# Agility Equipment



## ataylor (Dec 28, 2008)

Jackson and I have started out agility training awhile ago. I already have a couple of agility equipment at home. I am looking at some of the contact equpiment and they are expensive. Does anyone know a website or book or anything on how to build your own equipment (ex. contacts)?


----------



## RedDogs (Jan 30, 2010)

What contact behavior are you training?

There's this book:
http://www.dogwise.com/itemdetails.cfm?ID=DTA232

But ultimately, I would recommend getting a board, painting/applying sand...and use that to teach and proof your contact behavior. Save the rest of the money for classes, ring rentals, books/DVD's or entry fees. SO much of the early training and proofing can be done with a plank, I only typically recommend students get a couple of jumps and a plank for training. More can be good... but also might distract you and keep you from using "good training".


----------



## Loisiana (Jul 29, 2009)

this site has decent prices

www.affordableagility.com


----------



## kgiff (Jul 21, 2008)

Agreeing with RedDogs. I've been doing agility for 8 years or so and I don't have contact equipment other than a teeter that lives in my basement and is never used now that my older guy has finally gotten over his teeter fear. 

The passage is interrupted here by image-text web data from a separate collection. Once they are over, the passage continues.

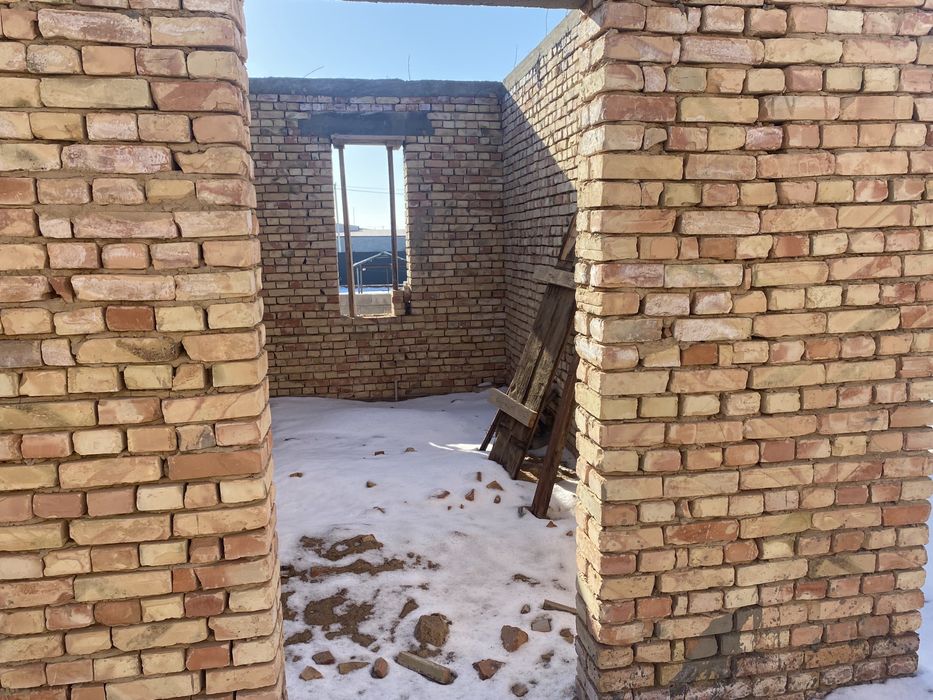 Продается не достроенный дом.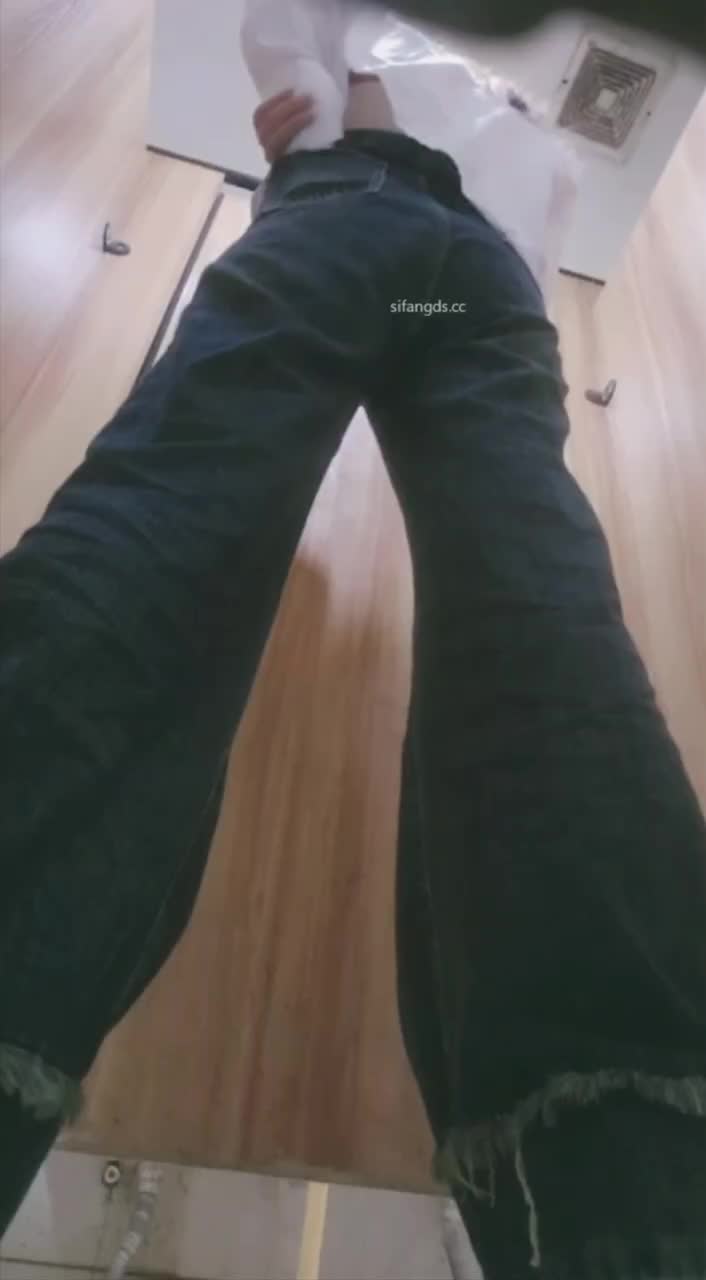 最新女厕偷拍！多位极品漂亮女神如厕曝光！少妇少女 极品白皙翘臀，白色连衣裙那个 非常漂亮的小仙女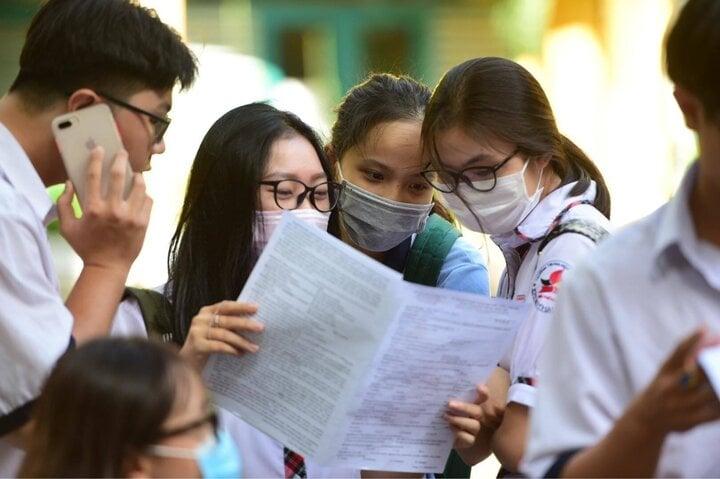 Ngành tài chính ngân hàng và tài chính doanh nghiệp đóng vai trò quan trọng đối với sự phát triển kinh tế. (Ảnh minh họa)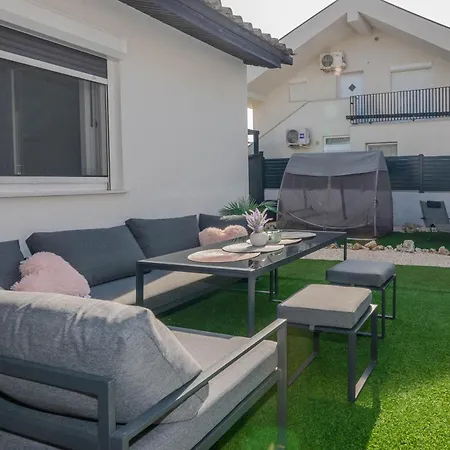 別荘 House Bukal *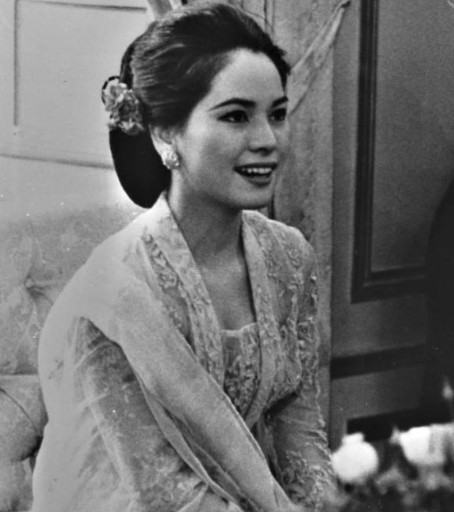 1959年，印尼总统苏加诺秘密访问日本，日本知道他好美人，所以特意挑了一个19岁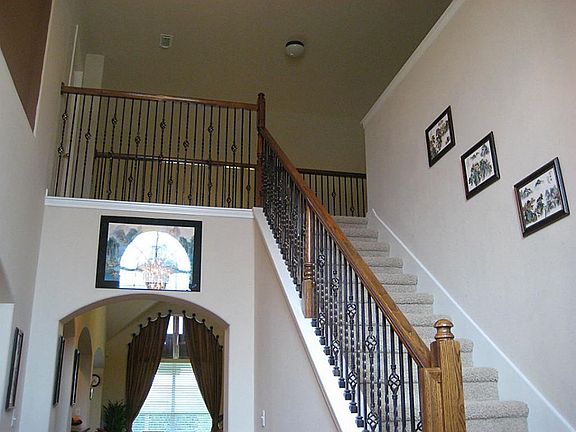 3rd image of 13807 Charterhouse Way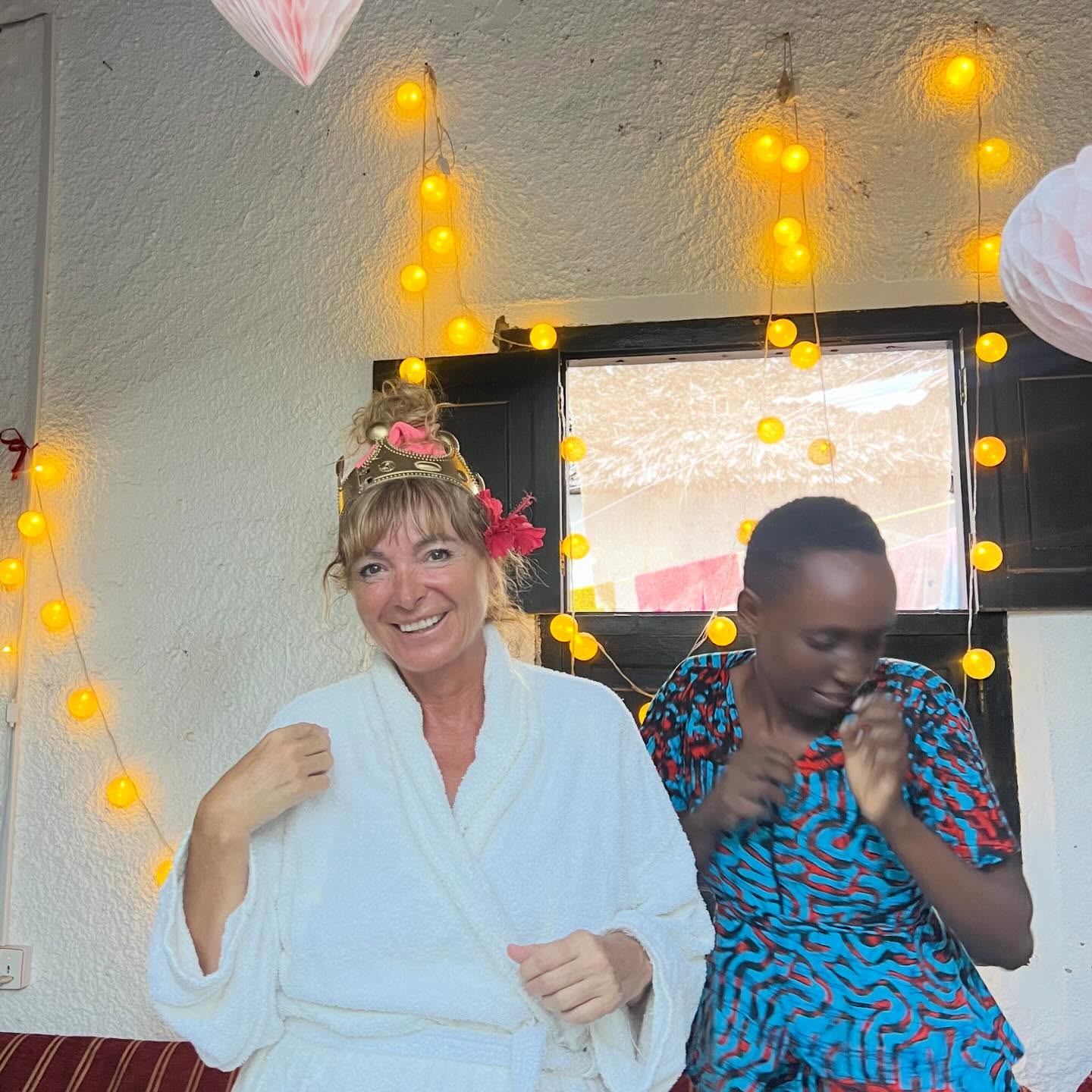 Our Cristina Maua, Queen of the flowers @tipsygipsydubai is back❤️❤️❤️❤️❤️❤️❤️❤️❤️❤️🌹💐🌺🌷🌺💐💐🌺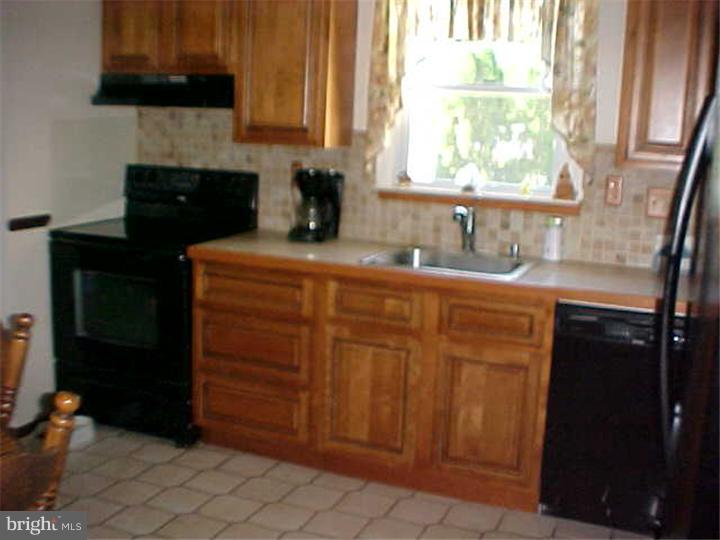 508 Tryens Road Aston, PA 19014 - Photo 8 of 15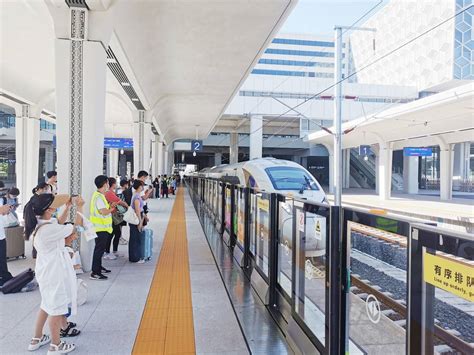 高铁智能新设备在四川自贡站投用__财经头条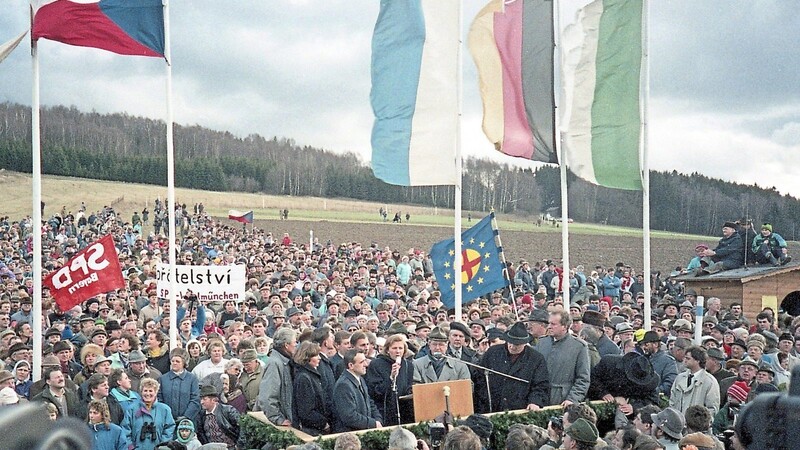 26. Januar 1990: Der Eiserne Vorhang fällt in Höll-Liskova. Zumindest symbolisch, für einen Tag. Die Waldmünchner SPD hieß die "neuen" Nachbarn mit einem Transparent, auf dem "Přátelství" (Freundschaft) stand, willkommen.
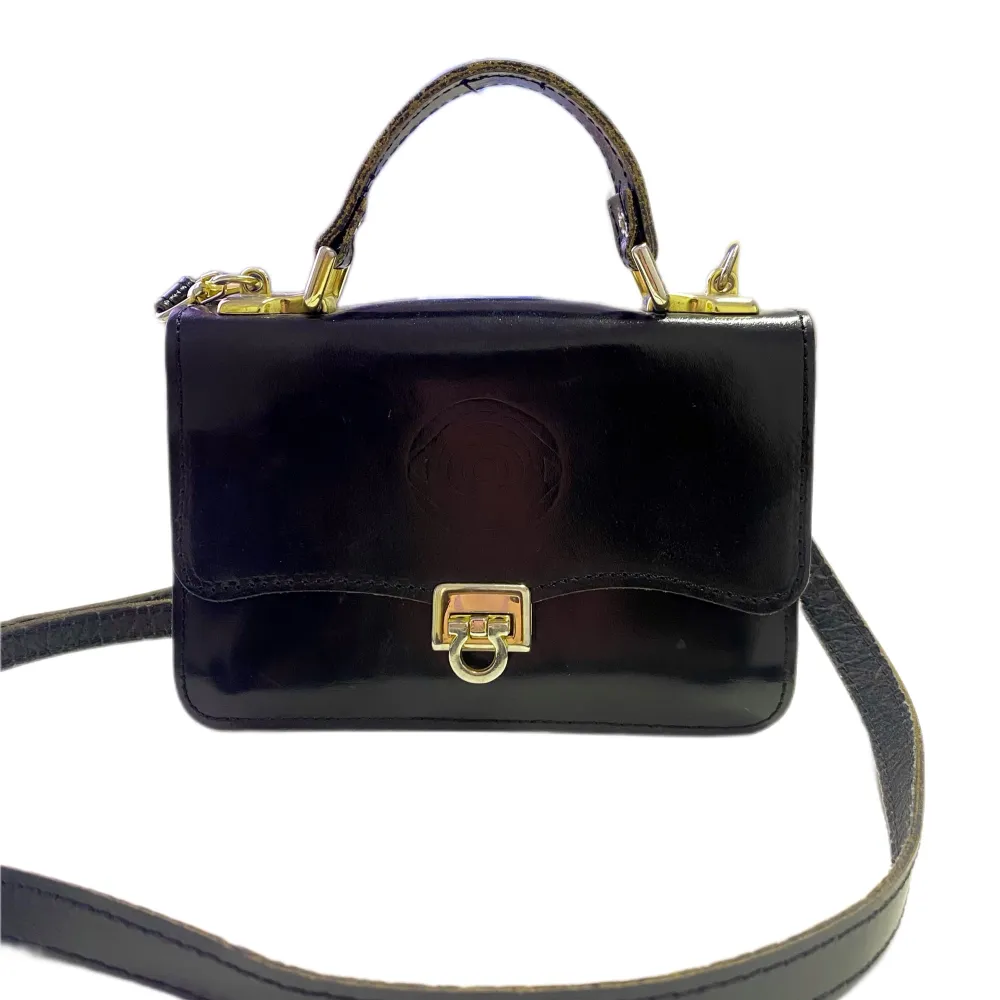 Beautiful Vintage Leather Handbag with Golden Details, Adjustble Strap and Turn Lock 🖤   In good vintage condition 🖤  Four pockets 🖤  Length 7,5 cm 🖤 Height 7,5 cm with handle 🖤  Long strap 🖤  Brand: Unkown 🖤 Free Shipping! 🖤. Väskor.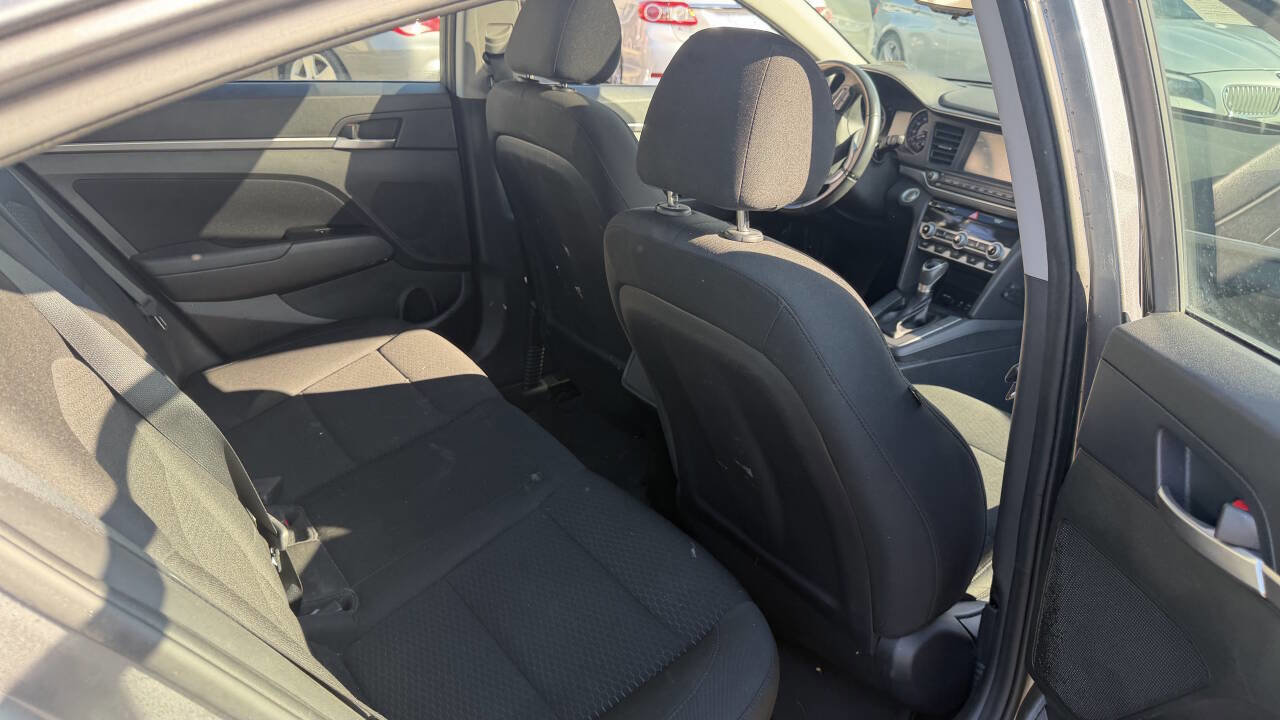 Used 2019 Hyundai Elantra Value Edition w/ Cargo Package FWD image 17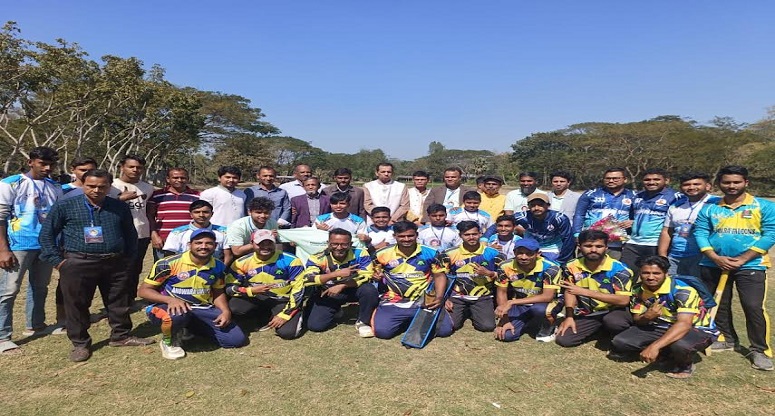 আনোয়ারায় রাফি স্মৃতি টি-২০ গোল্ডকাপ ক্রিকেট টুর্নামেন্ট উদ্বোধন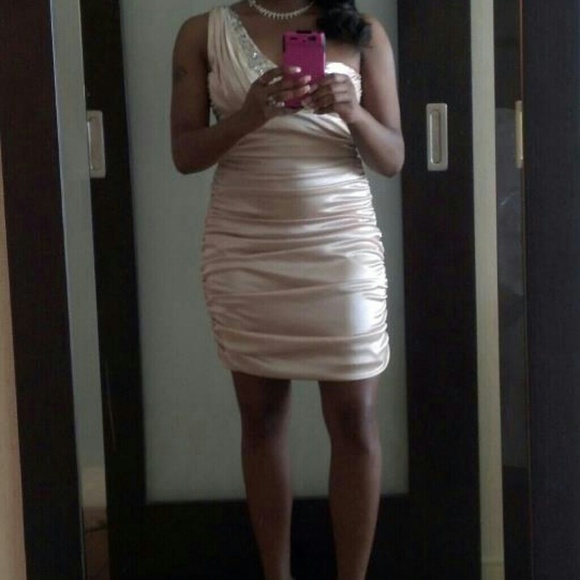 Cream one shoulder - Picture 2 of 3
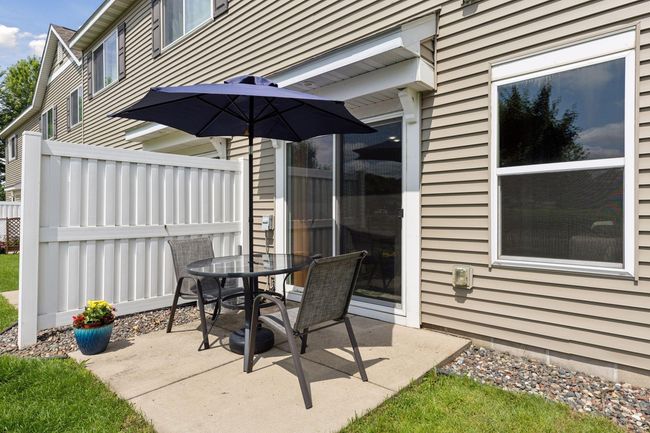 7308 Unity Ln N, Townhouse with 2 bedrooms, 3 bathrooms and null parking in Brooklyn Park MN | Image 36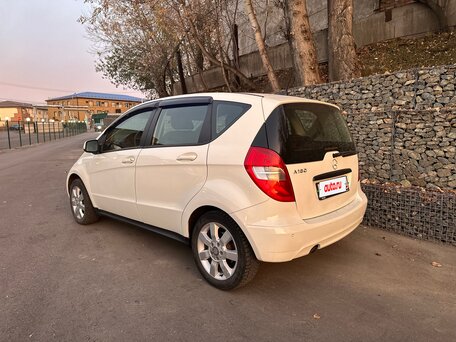 2012 Mercedes-Benz A-Класс 180 II (W169) Рестайлинг, белый, 670000 рублей, вид 3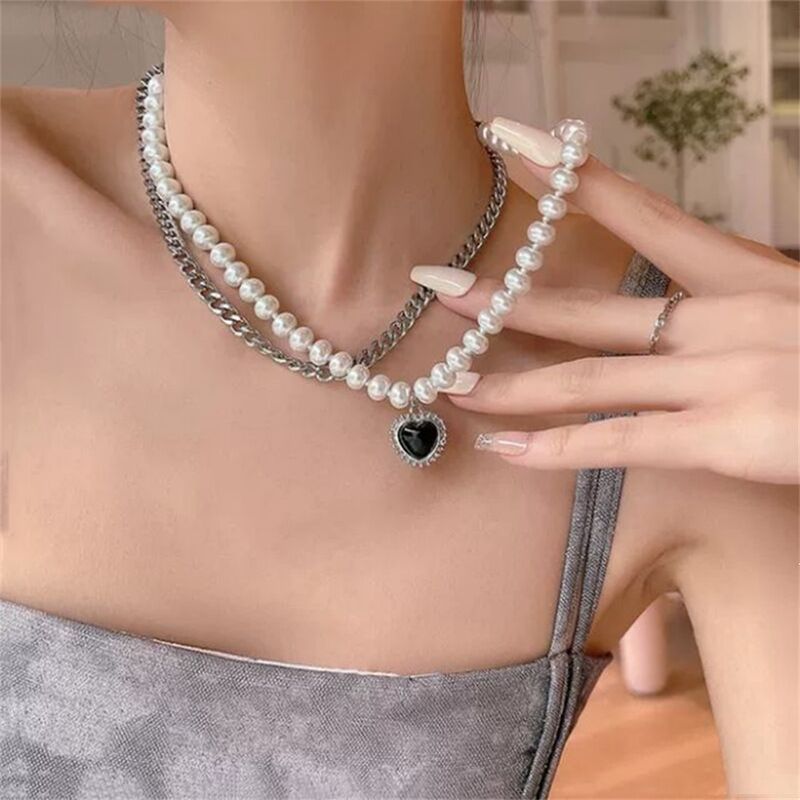 Hot sales Women's black heart-shaped pendant necklace_voghion.com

I have and use regularly 3 or 4 jumps, weave poles, a plank, and occassionally a tunnel. 

If I had the room or money for contact equipment, I would suck it up and buy it from an agility supplier. It only takes one bad experience on a piece of contact equipment to really mess up a dogs contacts - something that can set you back a long time in training.


----------



## ataylor (Dec 28, 2008)

I already have a couple of jumps, tunnel, weave poles, and a chute. I just want to get a teeter for home so I can work on it when we are not in class. Cause I know that it is going to take a while for him to get use to it, like it took my other dog Kailey a while. I am not looking for a A-frame or dogwalk right now cause Jackson has that down form class.


----------



## Maxs Mom (Mar 22, 2008)

There is something called a "contact trainer" you can get, that is much less expensive. The issue with "making" contact equipment is sturdiness. Most "pvc" bases are not meant for dogs over 60# so that could be dangerous. 

My DH made us a teeter. We love it. It lives outside, is made of wood, heavier than snot, but it is also adjustable. Right now it is 12" and Quinn is doing it to get used to movement under her feet without the concussion of a big drop. She is not old enough for big contacts yet. That and a table are the only contact things I have. 

Here is a picture of a contact trainer from Mark's Agility Equipment in Toledo OH (or near there)

http://www.marksagilityequipment.com/

Ann


----------



## jimla (Oct 9, 2008)

I am building a teeter from plans in the book "Dog Agility Equipment Construction Instructions" by Ann Embry. The PVC base design seems sturdy.


----------



## GoldenSail (Dec 30, 2008)

Back in HS my Dad and I (more like I just watched, lol) crafted a a very sturdy teeter totter base using thick UV resistant pvc pipe. This actually lives in my backyard right now sans plank which is still at the parents house. I don't need it yet- Plank was easy though, just bought one from the store and painted it with sand mixed in. It wasn't very expensive to build.


----------



## Griffyn'sMom (Mar 22, 2007)

I had a few links saved but some are not good links anymore. 

http://www.mfrye.com/agilityeq/mini.html

http://flashpaws.com/moreinfo.cfm?Product_ID=68

http://members.peak.org/~helix/Agility/

http://www.caninecrib.com/dog/training/agility-course.asp

http://www.ehow.com/way_5886812_homemade-agility-equipment-pvc.html

http://www.dogplay.com/Activities/Agility/agilitye.html

That should get you started.


----------